*Prompt*.
In your transcription, keep every record exact and leave out the pictures.

*Source data*.
-- Opening Marker --

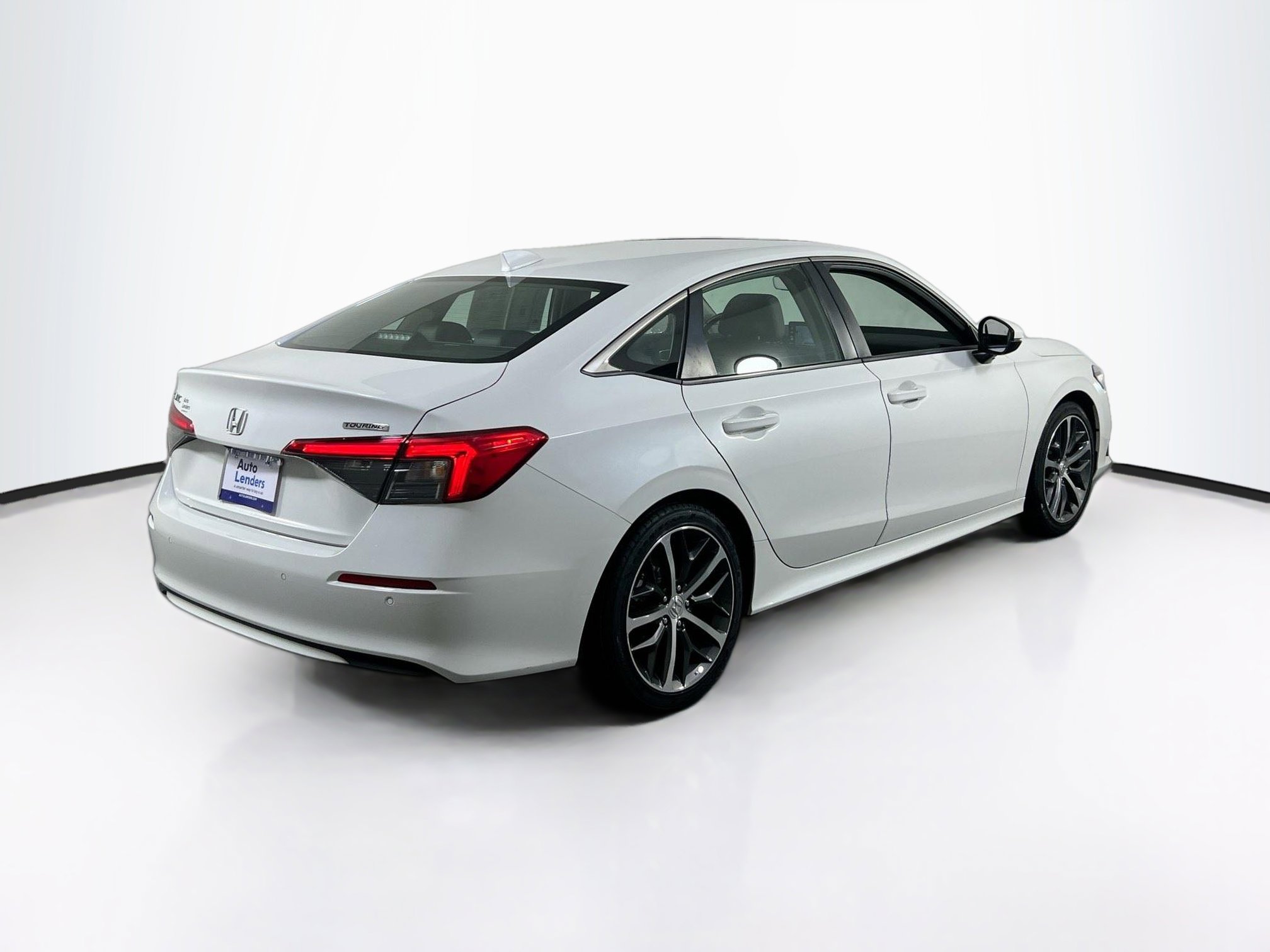 Used 2022 Honda Civic Touring image 5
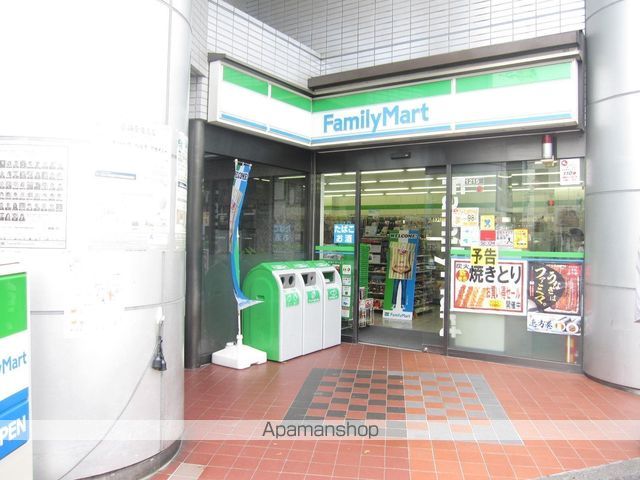 コンビニ　ファミリーマート中野本町六丁目店（コンビニ）まで255m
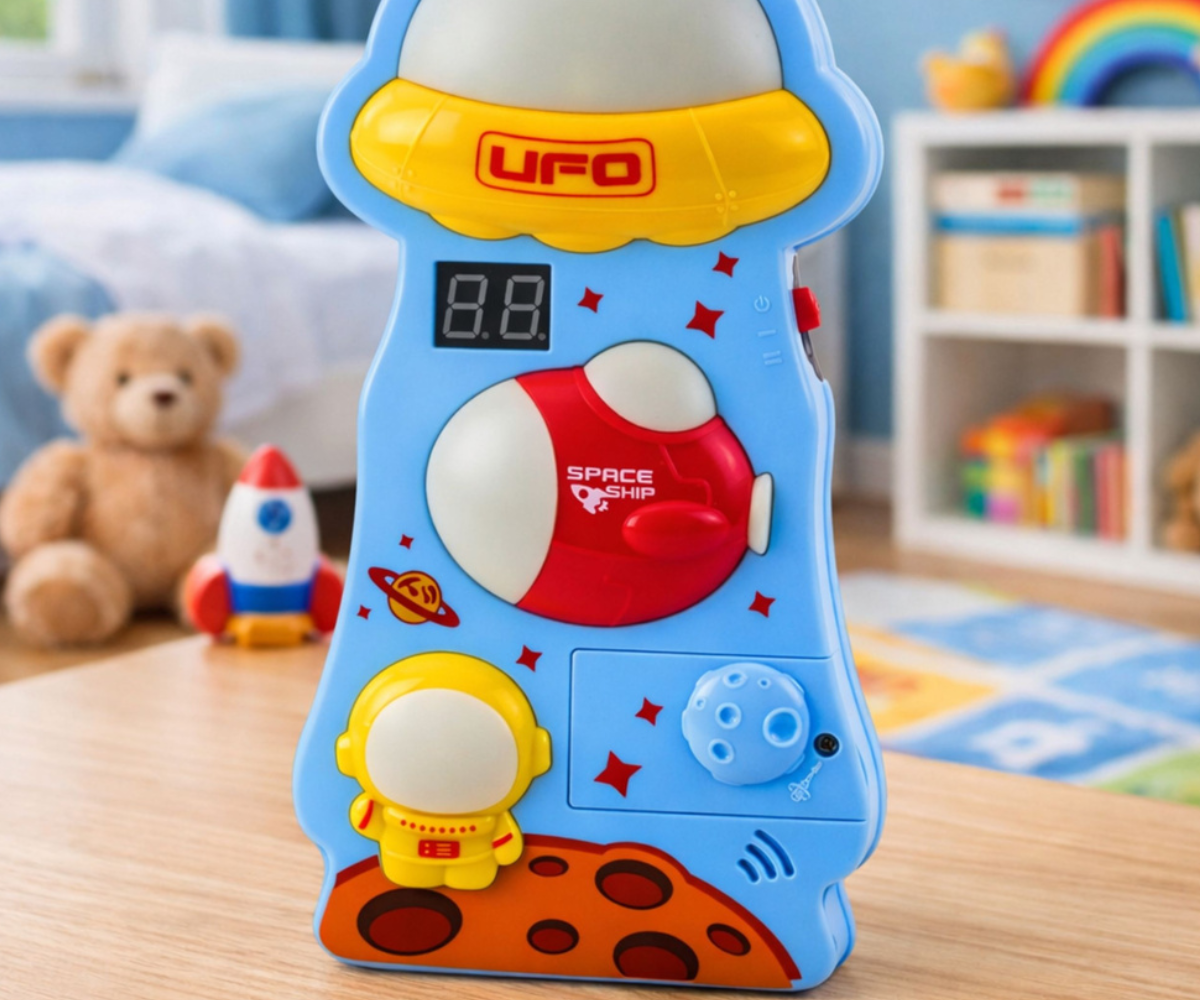 Laste kasvu mõõtmise mänguasi digiekraani ja heliefektidega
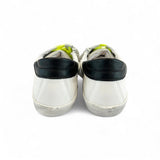 SNEAKERS DIANETTI in pelle bianca, suede grigio perla e dettagli giallo fluo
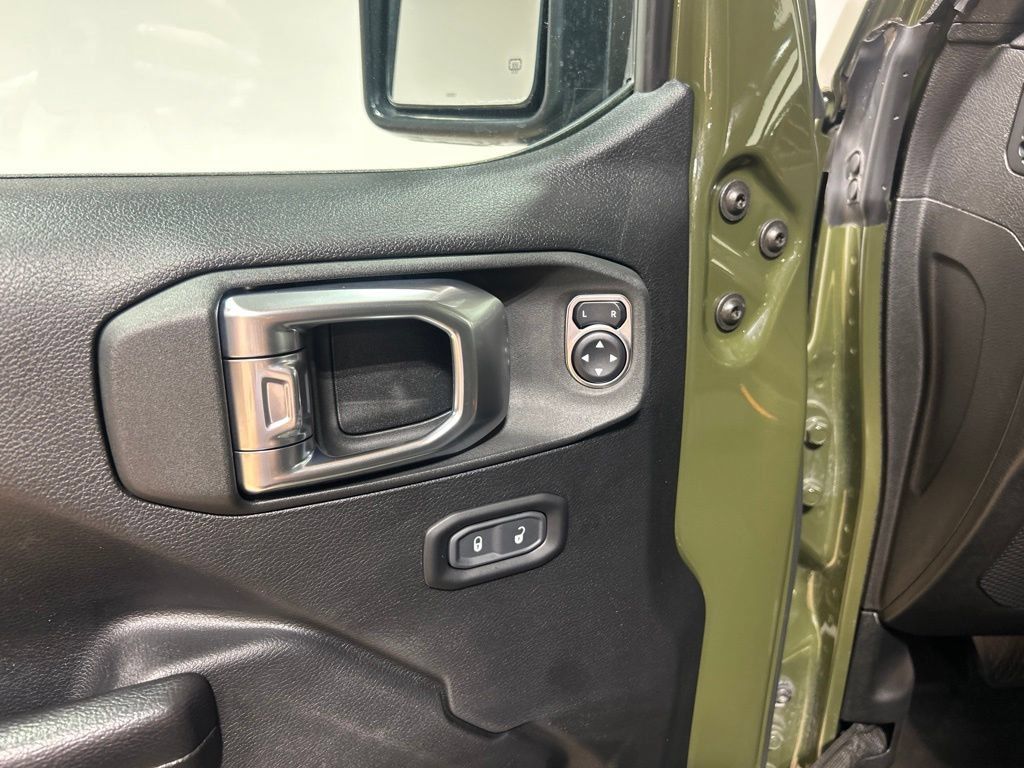 Used 2021 Jeep Gladiator Sport AWD/4WD image 20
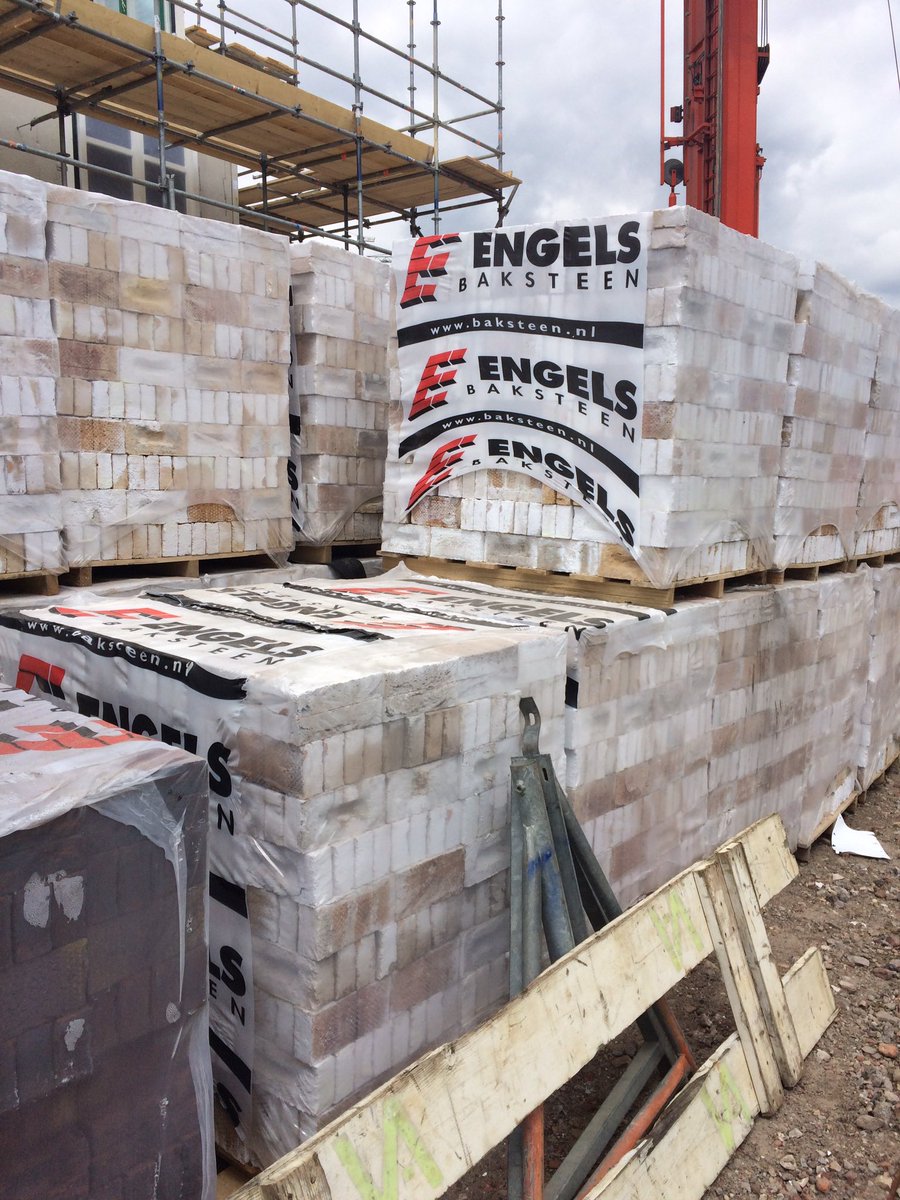 #nieuwbouw #70 woningen #Oosterhout @rockwool_BNL <a href="/metselsteen/">Caprice</a> <a href="/engelsbaksteen/">Engels Baksteen</a> <a href="/RKB_Doetinchem/">Raab Karcher</a> <a href="/VanCampenBouw/">Van Campen Bouwgroep</a>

-- Closing Marker --

*Output for this exercise*.
 Used 2022 Honda Civic Touring image 5
 コンビニ　ファミリーマート中野本町六丁目店（コンビニ）まで255m
 Laste kasvu mõõtmise mänguasi digiekraani ja heliefektidega
 SNEAKERS DIANETTI in pelle bianca, suede grigio perla e dettagli giallo fluo
 Used 2021 Jeep Gladiator Sport AWD/4WD image 20
 #nieuwbouw #70 woningen #Oosterhout @rockwool_BNL <a href="/metselsteen/">Caprice</a> <a href="/engelsbaksteen/">Engels Baksteen</a> <a href="/RKB_Doetinchem/">Raab Karcher</a> <a href="/VanCampenBouw/">Van Campen Bouwgroep</a>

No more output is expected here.